[3] Appendix i.

[4] "The Panama Canal and its Makers," pp. 42, 43.


CHAPTER VI.

THE UNITED STATES AND COLOMBIA.

Those citizens of the United States who thought that with the disappearance of the Clayton-Bulwer Treaty all the difficulties in the way of obtaining a canal of their own had also disappeared were doomed to a severe disappointment. They had not reckoned with a South American republic on the verge of bankruptcy and suddenly presented with a glorious opportunity to fill its empty treasury. Two preliminaries were necessary before the United States could settle down at the isthmus of Panama to the work of canal construction. They had to purchase the concession, the unfinished works and the other assets of the New Panama Company, at as reasonable a price as they could obtain; and, secondly, it was necessary to conclude a treaty with Colombia, securing to the United States on satisfactory terms the perpetual control of a strip of territory on the isthmus from sea to sea within which the canal could be constructed.

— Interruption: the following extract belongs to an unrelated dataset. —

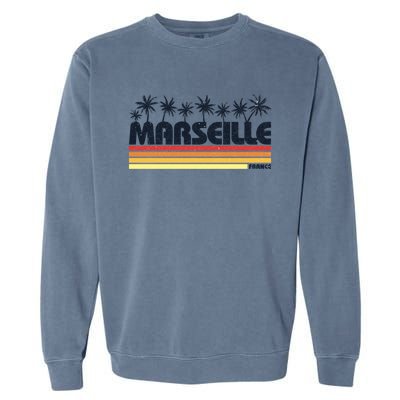 Marseille France Retro Tourism Cool Gift Garment-Dyed Sweatshirt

The first of these undertakings presented, as it turned out, no great difficulty. The New Panama Company had begun to despair of its own ability to get a canal finished across the isthmus, and to realize that their best course was to transfer the whole business to the United States. This disposition had been greatly strengthened by the Report of the Third Canal Commission, issued in December 1900. Probably the members of the commission were convinced of the advantages of the Panama route and the desirability of continuing the work of the French engineers. But they were shrewd people. They dwelt in their report on the improbability that the New Panama Company would sell its property to the United States, and on the difficulty of getting the Colombian concession transferred. They decided, therefore, that "the most practicable and feasible route for an isthmian canal to be under the control, management, and ownership of the United States is that known as the Nicaraguan route."

The commission probably foresaw the effect such a decision was likely to have on the directors and shareholders of the New Panama Company. If an American canal were constructed at Nicaragua, all the property and work of the company at Panama would be thrown on the scrap-heap. The company estimated the value of its property at $109,141,500, a price which the commission, representing the American government, declined to look at. The commission thought $40,000,000 quite enough for the property, and so completely were the Americans master of the situation that that price was agreed upon in January 1902. The commission thereupon issued a supplementary report, which reversed the former decision and recommended the Panama route and the purchase of the French property.

Then arose in the Congress of the United States a tremendous conflict between the Nicaraguans and the Panamanians, the champions of the two routes which had so long been in rivalry. The former party insisted that Panama was farther from the United States than Nicaragua, and therefore the journey from the eastern to the western seaboard of the States would be longer. They argued that Panama was unfavourable to sailing vessels on account of the prevailing calms on that coast; that it would be easier to deal with Costa Rica and Nicaragua than with Colombia; and that Nicaragua was "the traditional American route" as compared with the Frenchified Panama. The claims of the old Darien route were also advanced. This was probably done by American railway people who were against any canal, for the Darien route would have involved a rock tunnel five miles long and three hundred feet broad, the attempt to achieve which would probably have ended all canal adventures at the isthmus.